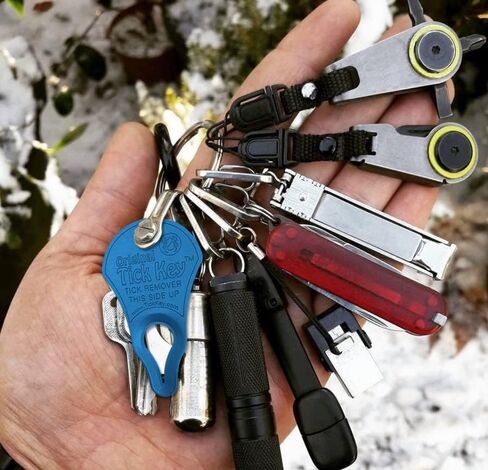 The Original Tick Key -Tick Detaching Device - Portable, Safe and Highly Effective Tick Detaching Tool - 3 Pack (Earth) in Saudi Arabia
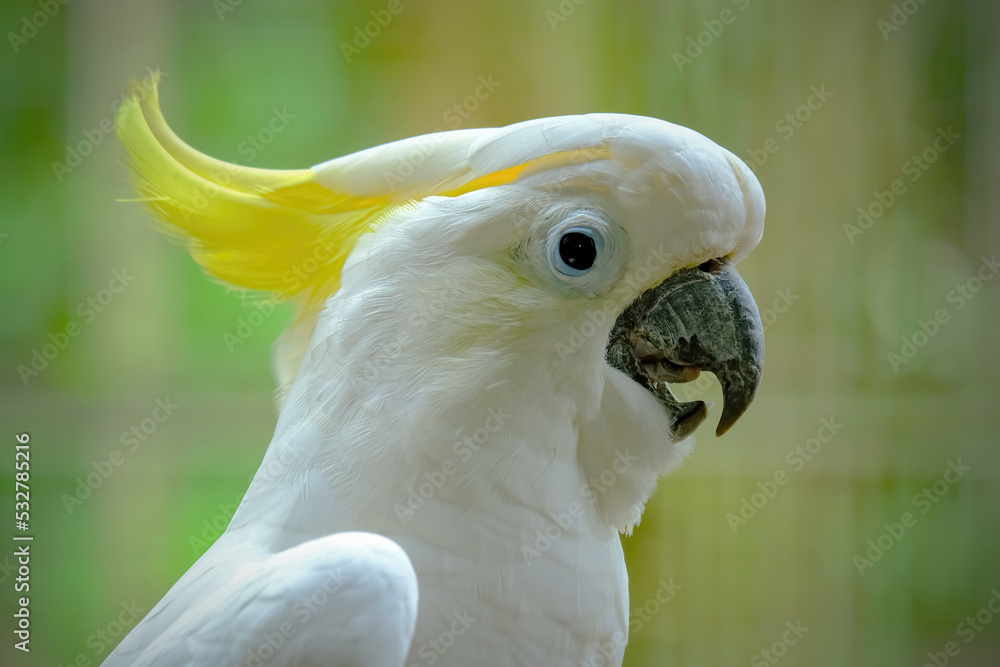 close up of a white parrot
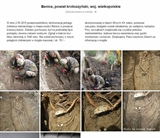Informacje pomocne w ekshumacji Niemieckiego Żolnierza w Benicach 2015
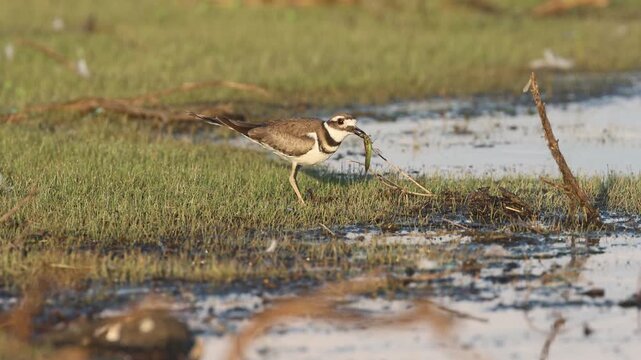 Killdeer (Charadrius vociferus) feeding on a large green insect at Shugru Reservoir in Lassen County, California.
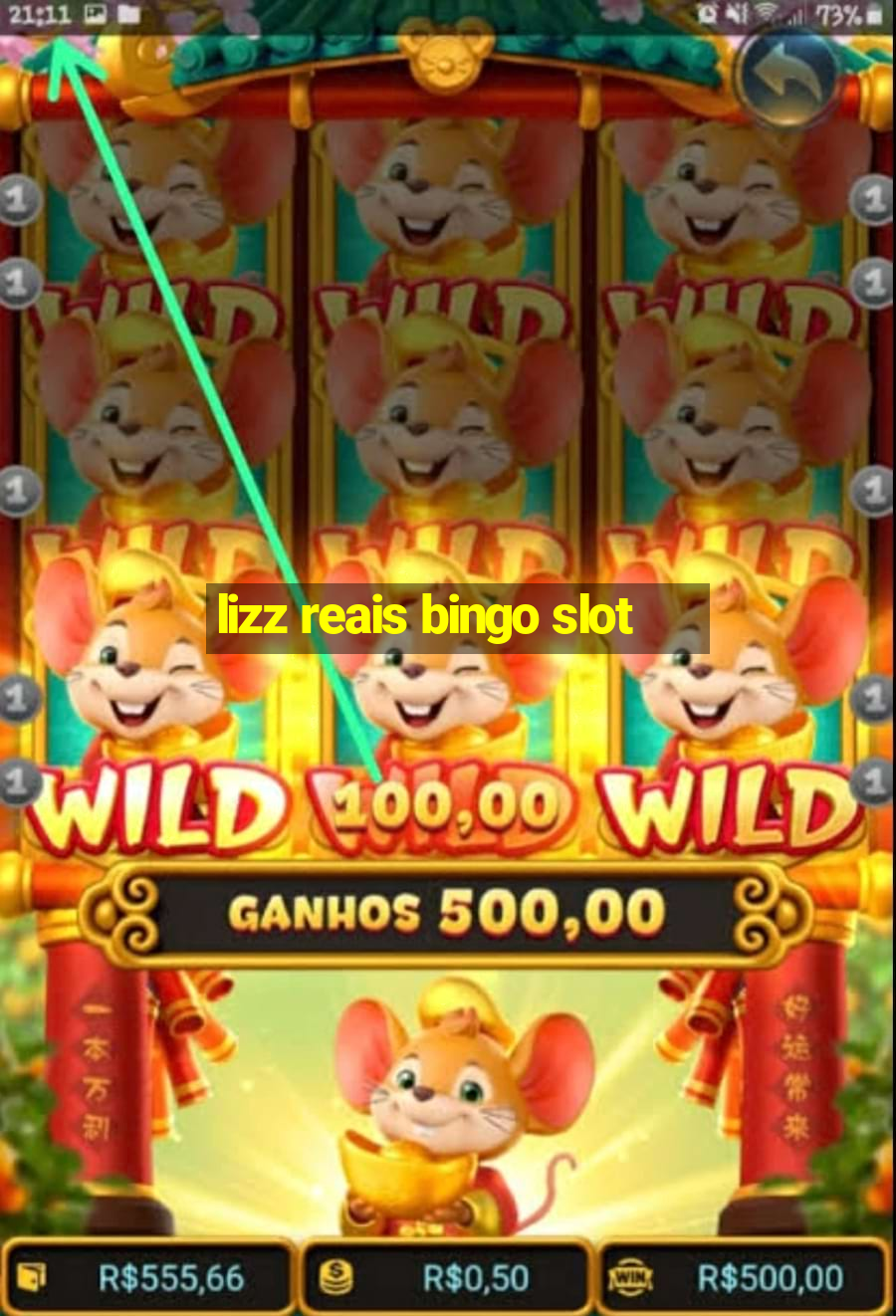 lizz reais bingo slot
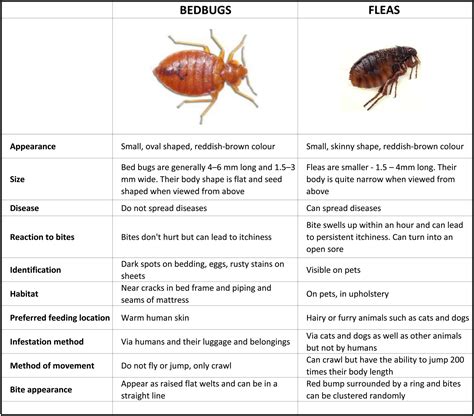 Bed bugs | how to get rid of bed bugs | bed bugs in perth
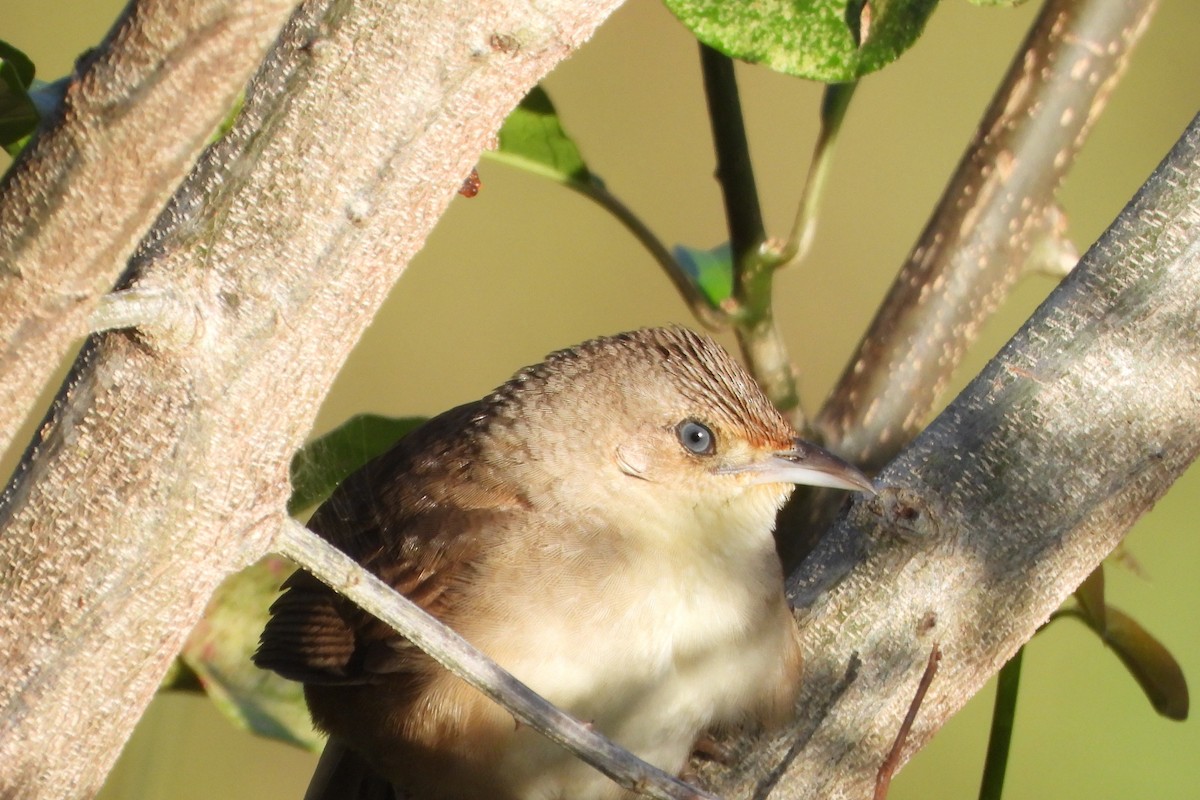 Plain Thornbird - ML652012988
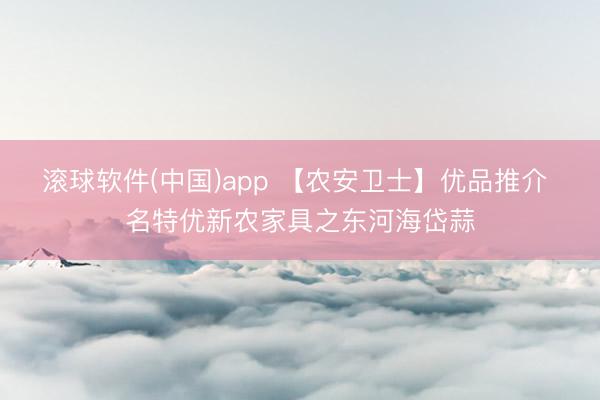 滚球软件(中国)app 【农安卫士】优品推介 名特优新农家具之东河海岱蒜
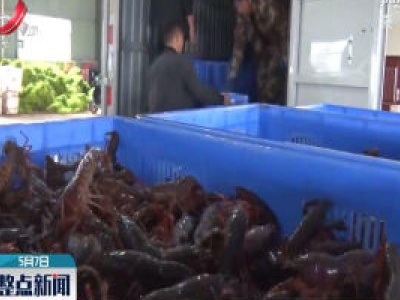 江西省小龙虾产值2020年有望突破200亿元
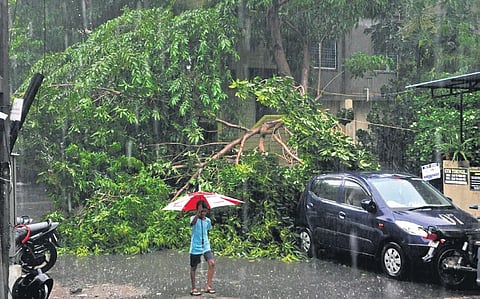 Gopalapatnam and several other places in Visakhapatnam on Monday. (Photo | G Satyanarayana)
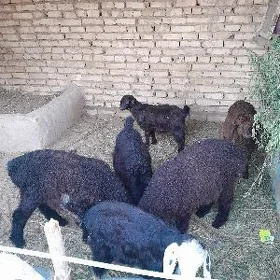 tokly çebiş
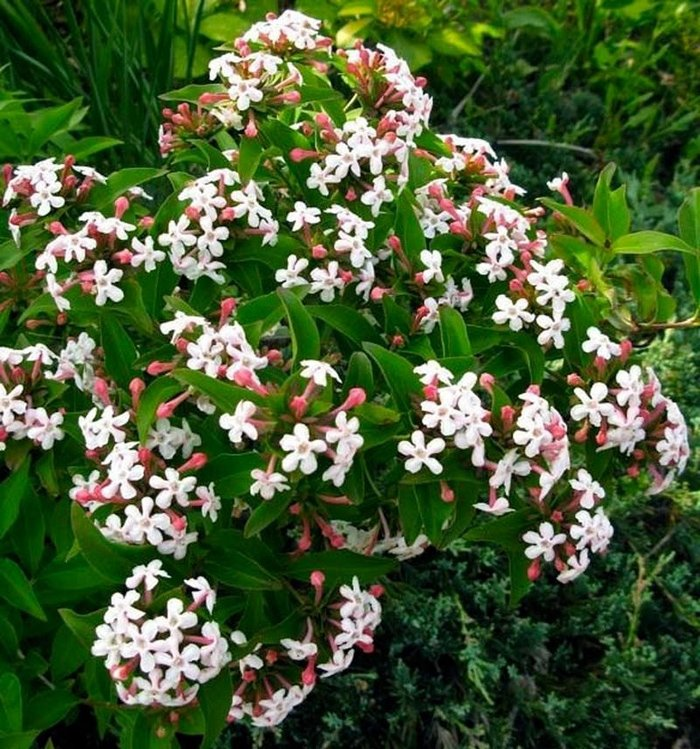 Превью изображения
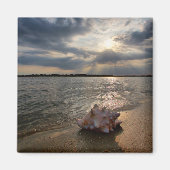 Conch Shell op strand | St. Augustinus, Fl Magneet (Voorkant)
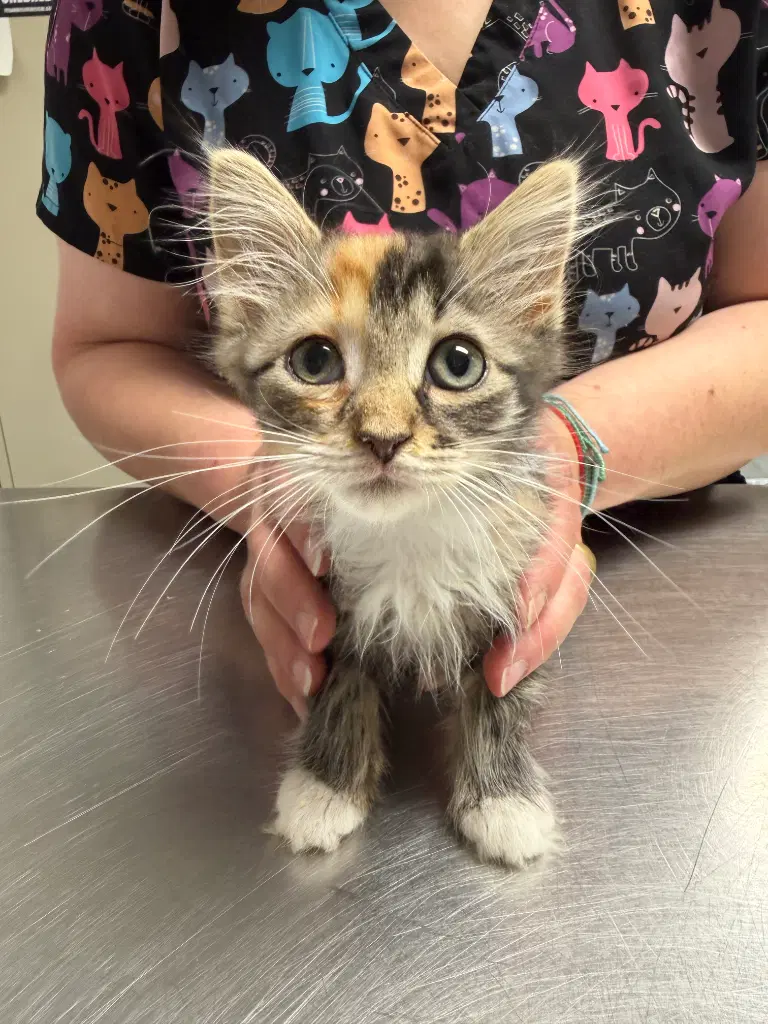 Tiana - Domestic Long Hair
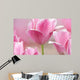 Pink tulips close up Wall Mural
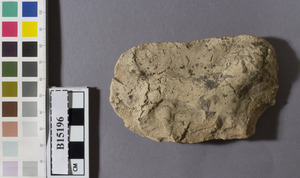 B15196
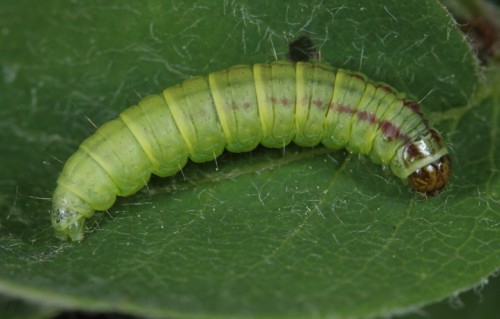 Acrobasis advenella.JPG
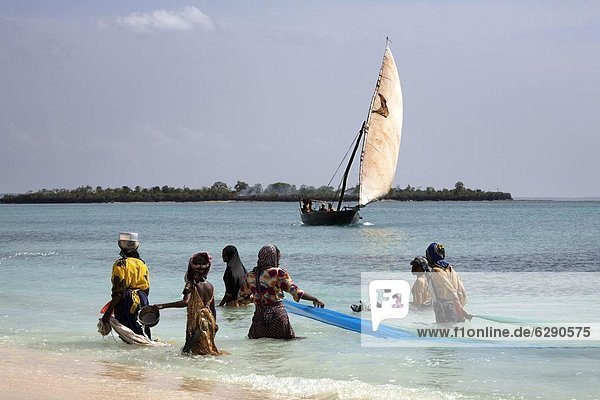 Women fishing on Kendwa Beach  Zanzibar  Tanzania  East Africa  Africa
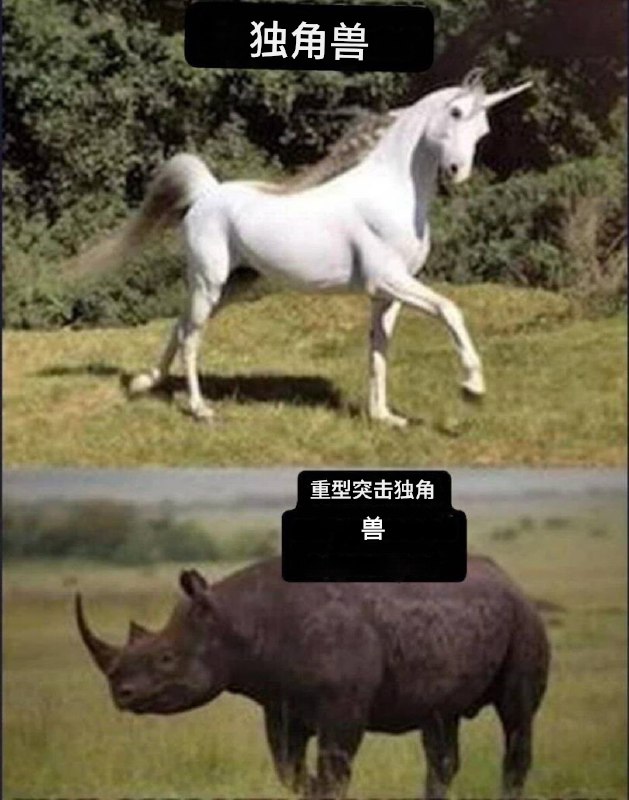 HeHeDa:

▸ EXERCISE DIRECTIONS
Both the first line of the records above and the line containing "Informacje pomocne w" belong in the copy; please return them and every line between, exactly, minus the pictures.

▸ ANSWER TO THIS PROBLEM
 The Original Tick Key -Tick Detaching Device - Portable, Safe and Highly Effective Tick Detaching Tool - 3 Pack (Earth) in Saudi Arabia
 close up of a white parrot
Informacje pomocne w ekshumacji Niemieckiego Żolnierza w Benicach 2015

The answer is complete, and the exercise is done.